Après son arrivée en France, il a été pris en charge par les services de l’aide sociale à l’enfance en qualité de mineur étranger isolé pendant trois ans.
[I] [D] a souscrit une déclaration de nationalité française le 2 juin 2021 sur le fondement de l’article 21-12 1° du code civil.

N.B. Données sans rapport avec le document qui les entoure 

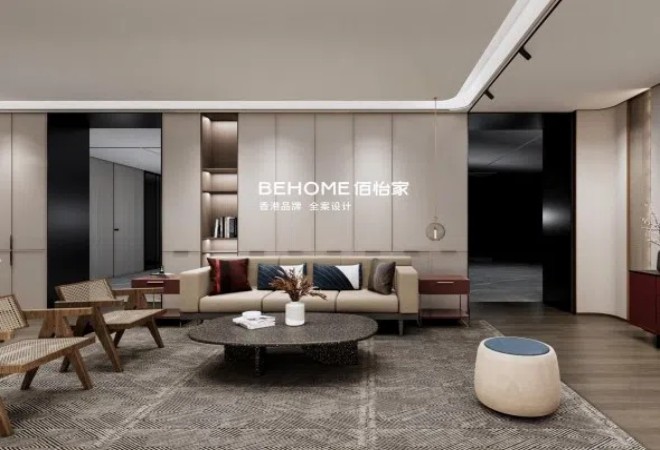 佰怡家全屋定制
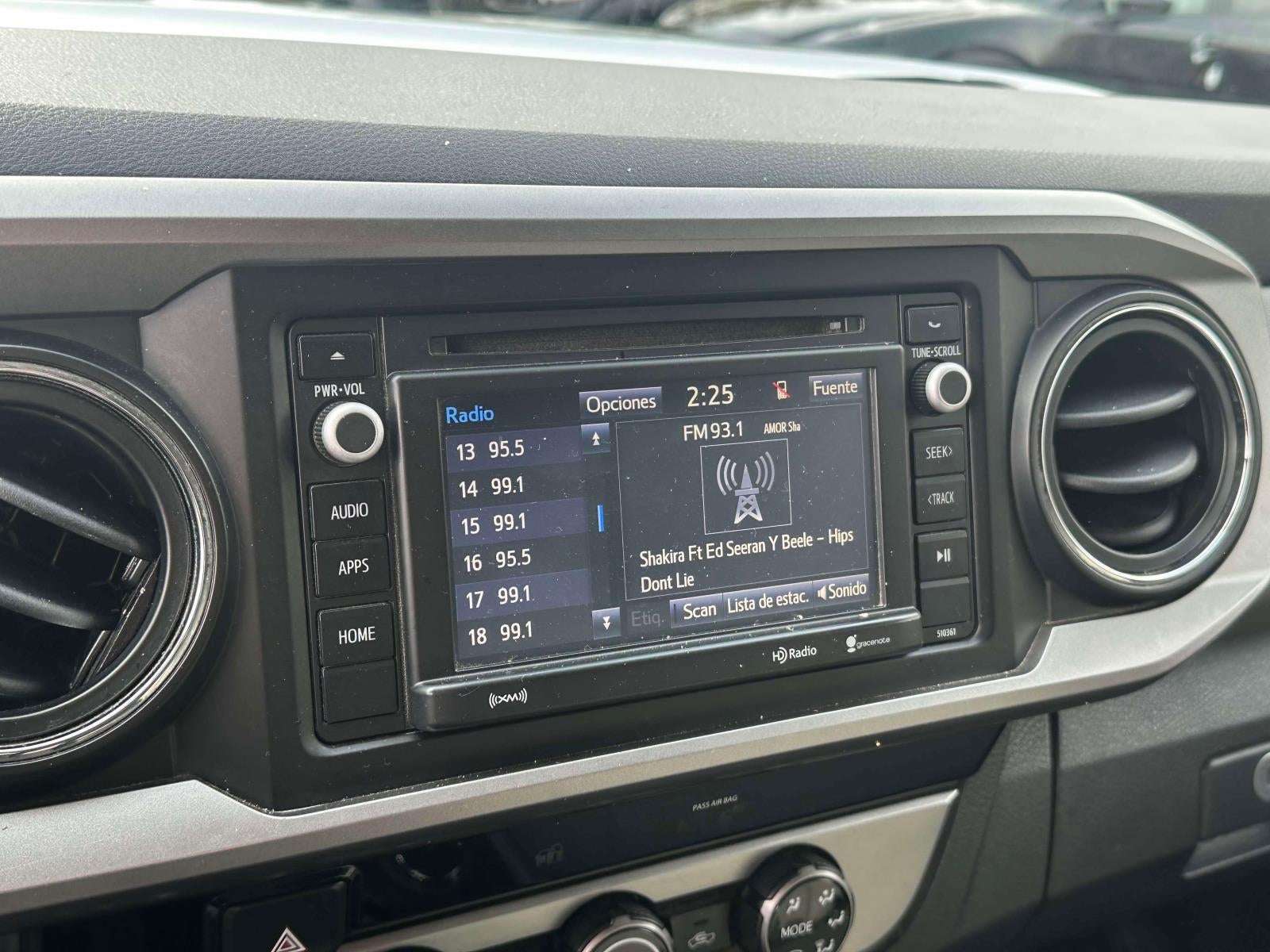 2018 Toyota Tacoma SR5 V6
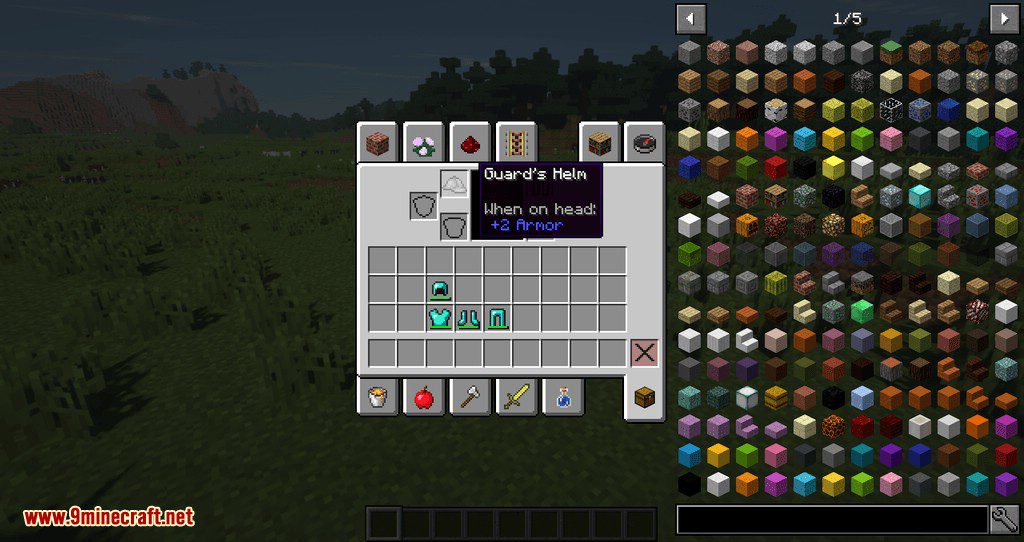 Guard Illagers Mod 1.14.4, 1.12.2 (OpenAI Illagers) 16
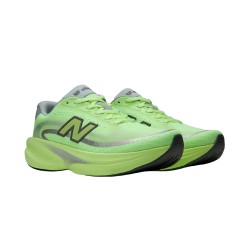 New Balance Zapatilla Running Ellipse V1 Verde Gris Afterglow Star Grey Mujer
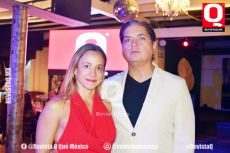 Alejandra Romero y Lic. Paco García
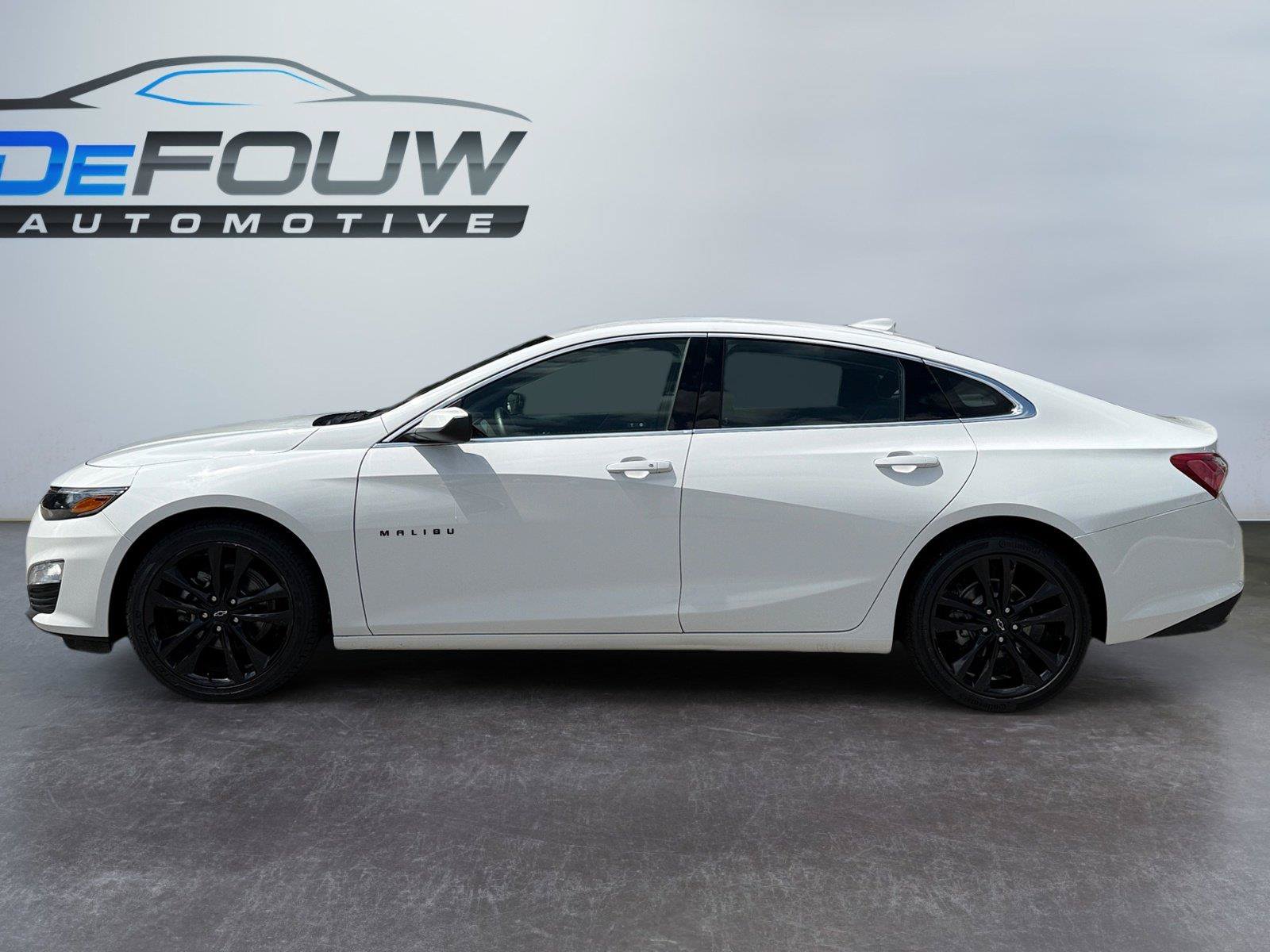 Used 2024 Chevrolet Malibu LT w/ Sport Edition FWD image 6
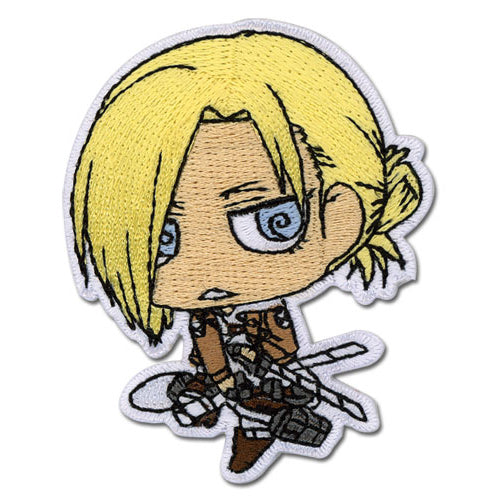 Attack On Titan Annie SD Patch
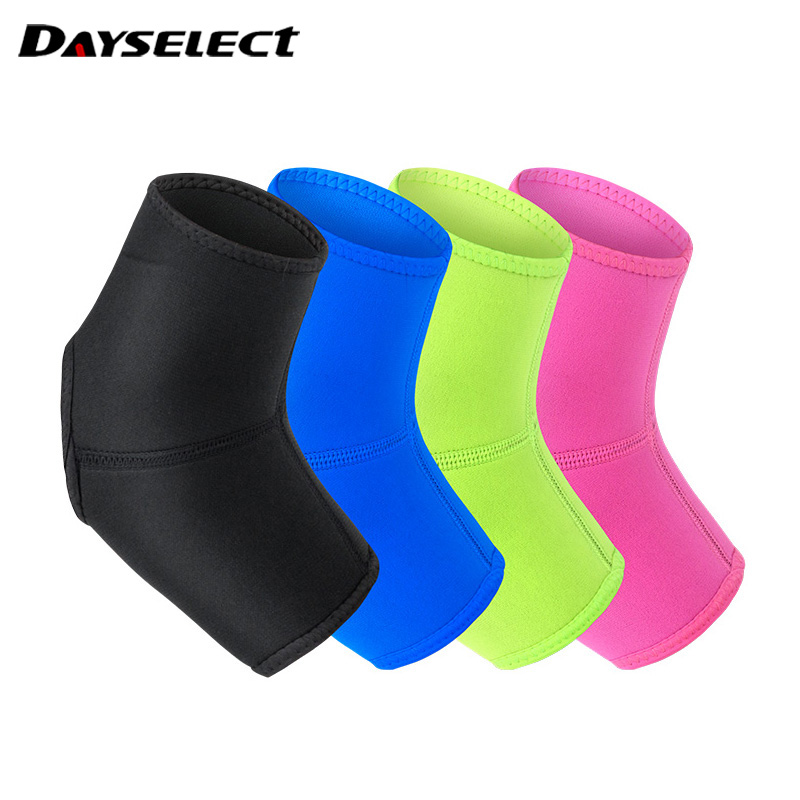1pcs High Elastic Sports ankle brace Protect Sports Ankle Safety Support for Running Basketball tobillera deportiva, Black
1pcs High Elastic Sports ankle brace Protect Sports Ankle Safety Support for Running Basketball tobillera deportiva, Black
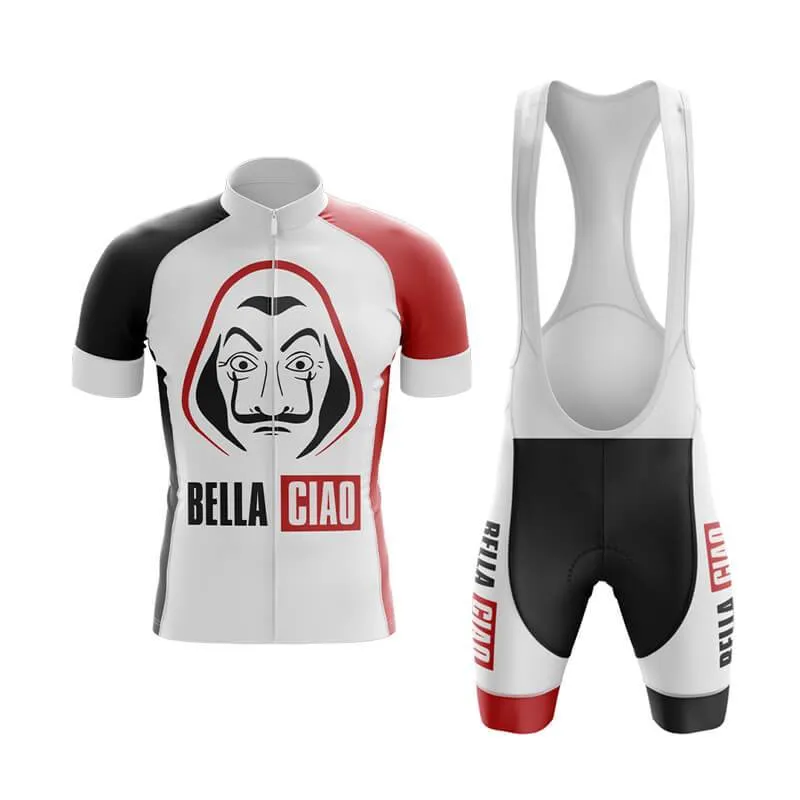 Casa De Papel (V3) Club Cycling Kit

Par une décision du 27 octobre 2021, le directeur des services de greffe judiciaires du tribunal de Montluçon a refusé d’enregistrer sa déclaration aux motifs que :
« L’intéressé nous a fourni un jugement supplétif tenant lieu d’acte de naissance N° 11914 du 5 juin 2017, l’extrait du registre de l’état civil transcrit sous le n°2583 en date du 6 juin 2017 mentionne parfaitement le jugement précité ; le 1er septembre 2021 un nouveau jugement supplétif tenant lieu d’acte de naissance nous est fourni mentionnant une autre date et un autre numéro d’enregistrement, ainsi que l’extrait du registre de de l’état-Civil rapportant les données du deuxième jugement.
La production de deux jugements supplétifs tenant lieu d’acte de naissance différents ne permet donc pas de reconnaître à ces actes la valeur probante accordée par l’article 47 du Code Civil. »
Par acte d’huissier de justice du 25 mai 2022, [I] [D] a fait assigner le Procureur de la République devant le tribunal judiciaire de Lyon aux fins, notamment, de contester son refus d’enregistrement et de déclarer qu’il est de nationalité française.
Aux termes de ses dernières conclusions récapitulatives notifiées par voie électronique le 22 septembre 2023, [I] [D] demande au tribunal de :
— le recevoir en la présente assignation et l’y déclarer bien fondé,
— constater que les formalités de l’article 1043 du code de procédure civile ont été respectées,
— dire qu’il a acquis la nationalité française sur le fondement de l’article 21-12 du code civil à compter du 2 juin 2021, date de sa déclaration acquisitive de nationalité française,
— enregistrer sa déclaration acquisitive de nationalité française souscrite le 2 juin 2021,
— ordonner la mention prévue à l’article 28 du code civil,
— condamner l’Etat à verser à son conseil une somme de 1 500 euros par application des dispositions combinées des articles 37 et 75-1 de la loi du 10 juillet 1991 et de l’article 700 du code de procédure civile, à charge pour son conseil de renoncer au bénéfice de l’aide juridictionnelle,
— condamner l’Etat aux entiers dépens de l’instance, dont distraction au profit de Maître Anne-Caroline VIBOUREL, avocat, sur son affirmation de droit, conformément aux dispositions de l’article 699 du code de procédure civile.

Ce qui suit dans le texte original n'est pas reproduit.